ASSIGNMENT: Pictures are not part of the copy. Set down exactly the lines from the one containing "Lidz Handmade H7545B" through the last line of the material below.

DATA BLOCK:
======
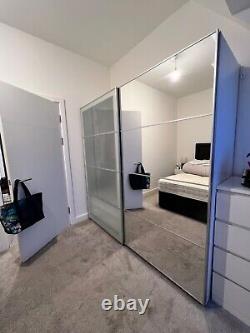 IKEA Pax wardrobe sliding mirror and frosted glass doors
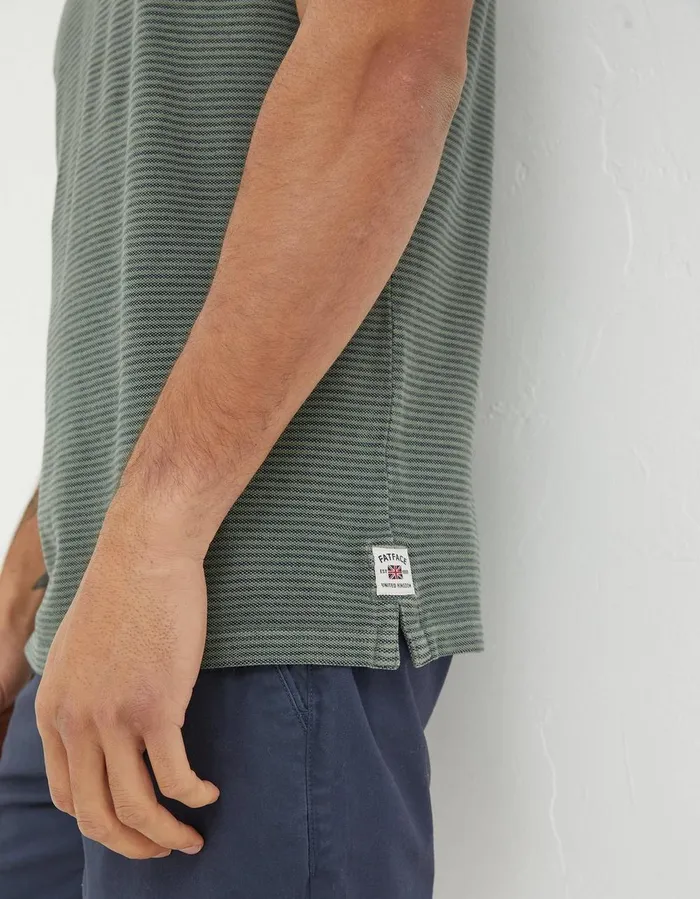 Organic Cotton Fine Stripe Polo Green Men FatFace Polo Shirts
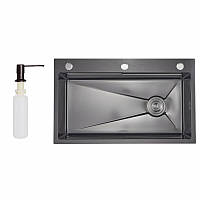 Lidz Handmade H7545B Мойка для кухни интегрированная Decor Black PVD Honeycomb 3,0/1,0 мм LDH7545BDECPVD48373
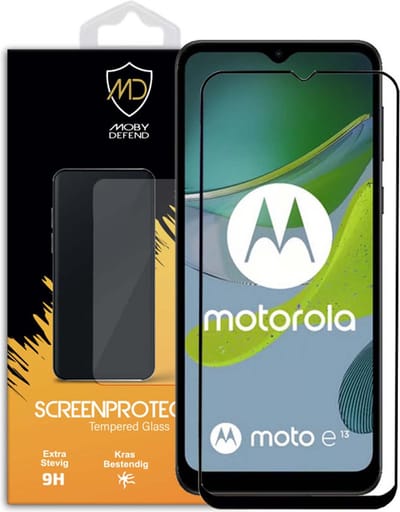 MobyDefend Screenprotector - Geschikt voor Motorola Moto E13 - Screensaver Met Zwarte Randen - Gehard Glas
======
SOLUTION TO THE PROBLEM:
 Lidz Handmade H7545B Мойка для кухни интегрированная Decor Black PVD Honeycomb 3,0/1,0 мм LDH7545BDECPVD48373
 MobyDefend Screenprotector - Geschikt voor Motorola Moto E13 - Screensaver Met Zwarte Randen - Gehard Glas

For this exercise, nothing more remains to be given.